→ EXERCISE INSTRUCTIONS: Reproduce, exactly and in full, only the lines below from the one containing "Nhan chon cai dat va quyen rieng tu" through the one containing "belediyeler yok Cumhurbaşkanlığı".

→ INPUT:
•••••

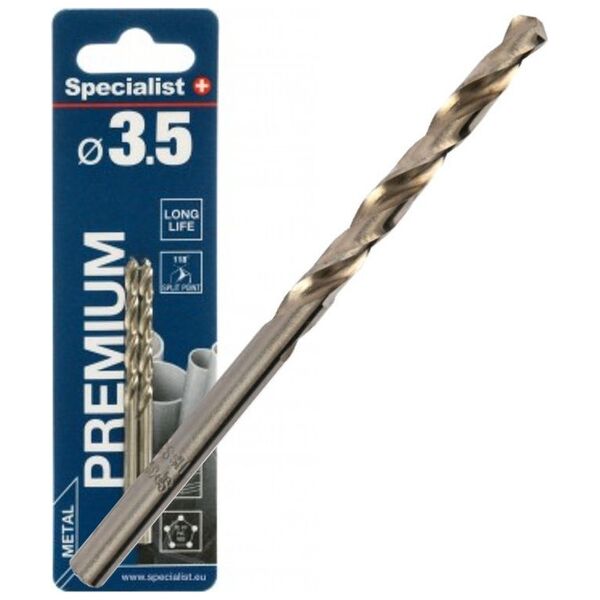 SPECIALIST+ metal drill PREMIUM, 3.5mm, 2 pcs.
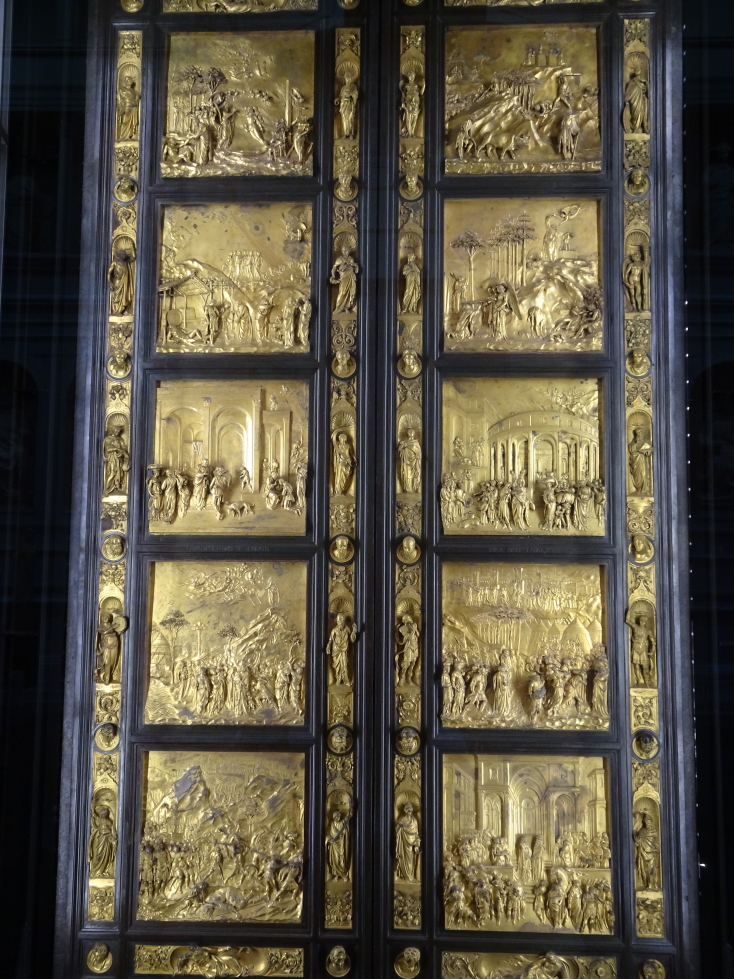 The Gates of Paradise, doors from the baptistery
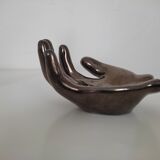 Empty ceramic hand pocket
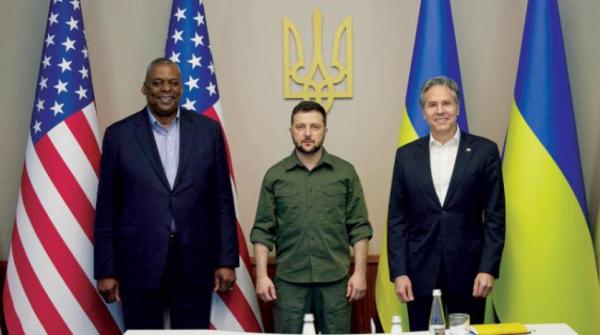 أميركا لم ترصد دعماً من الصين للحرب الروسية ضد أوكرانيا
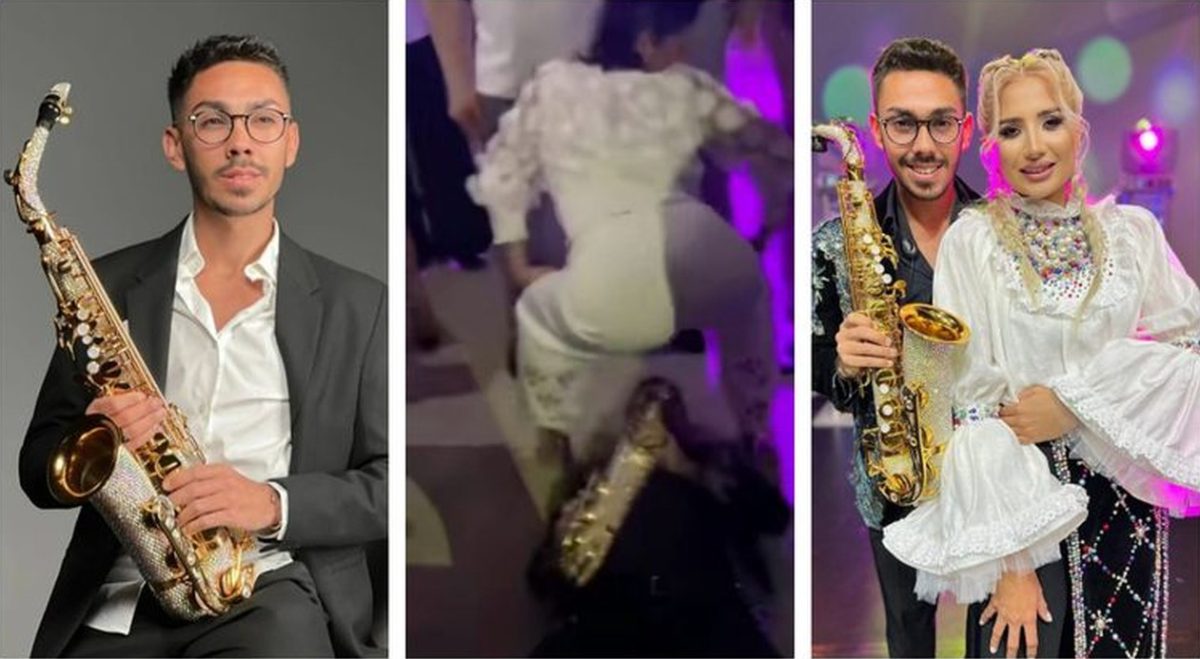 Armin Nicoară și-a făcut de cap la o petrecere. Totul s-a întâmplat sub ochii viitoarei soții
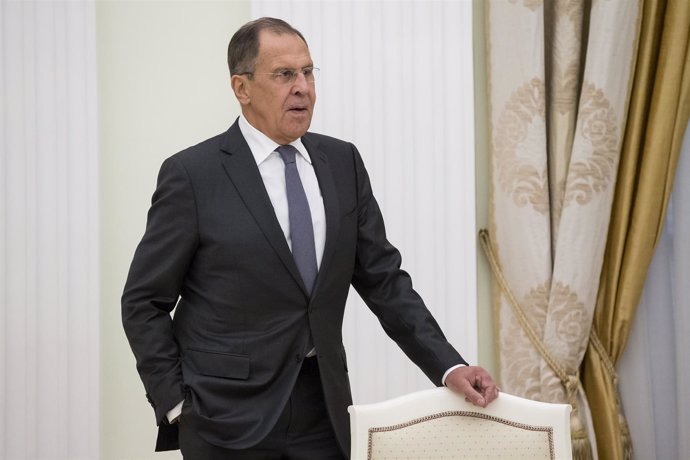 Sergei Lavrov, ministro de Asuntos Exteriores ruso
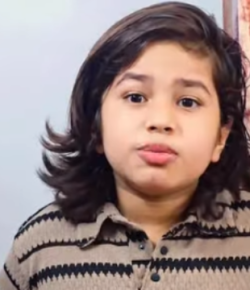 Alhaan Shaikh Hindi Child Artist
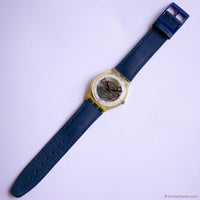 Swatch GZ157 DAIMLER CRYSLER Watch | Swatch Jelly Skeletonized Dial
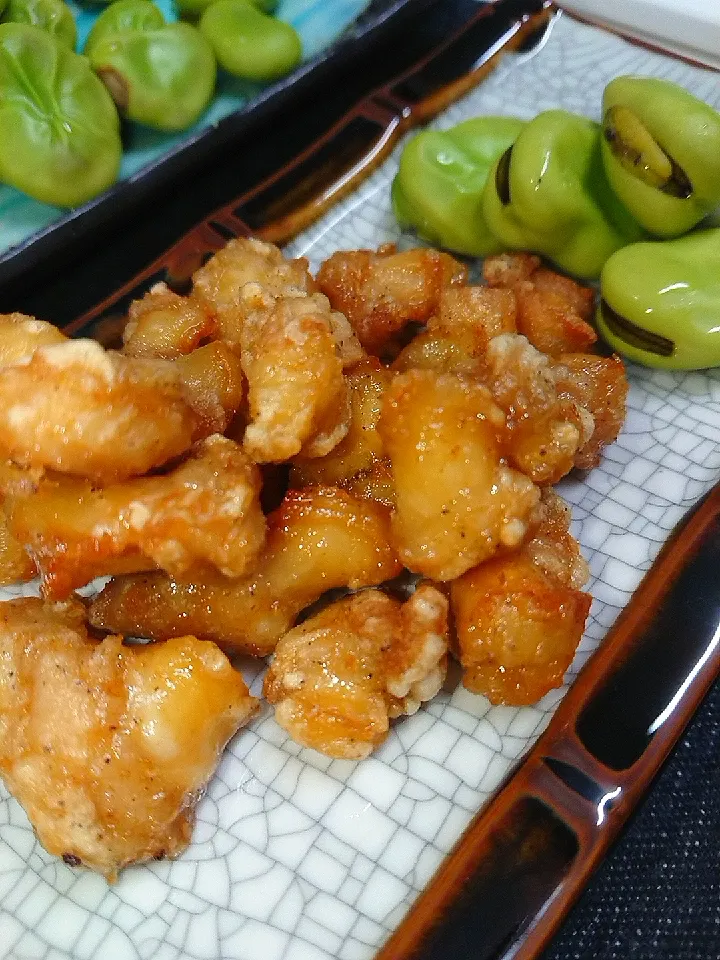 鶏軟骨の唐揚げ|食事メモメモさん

•••••

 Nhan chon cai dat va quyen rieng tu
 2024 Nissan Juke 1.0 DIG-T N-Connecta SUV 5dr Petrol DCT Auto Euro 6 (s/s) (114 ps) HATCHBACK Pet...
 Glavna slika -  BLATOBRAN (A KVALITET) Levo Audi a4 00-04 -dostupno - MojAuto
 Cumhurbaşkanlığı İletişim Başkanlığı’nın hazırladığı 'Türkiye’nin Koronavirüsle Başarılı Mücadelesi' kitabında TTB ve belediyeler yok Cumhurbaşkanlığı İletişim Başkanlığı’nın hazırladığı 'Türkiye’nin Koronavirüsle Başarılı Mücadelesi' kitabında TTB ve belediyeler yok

•••••

→ WRITTEN SOLUTION:
 Nhan chon cai dat va quyen rieng tu
 2024 Nissan Juke 1.0 DIG-T N-Connecta SUV 5dr Petrol DCT Auto Euro 6 (s/s) (114 ps) HATCHBACK Pet...
 Glavna slika -  BLATOBRAN (A KVALITET) Levo Audi a4 00-04 -dostupno - MojAuto
 Cumhurbaşkanlığı İletişim Başkanlığı’nın hazırladığı 'Türkiye’nin Koronavirüsle Başarılı Mücadelesi' kitabında TTB ve belediyeler yok Cumhurbaşkanlığı İletişim Başkanlığı’nın hazırladığı 'Türkiye’nin Koronavirüsle Başarılı Mücadelesi' kitabında TTB ve belediyeler yok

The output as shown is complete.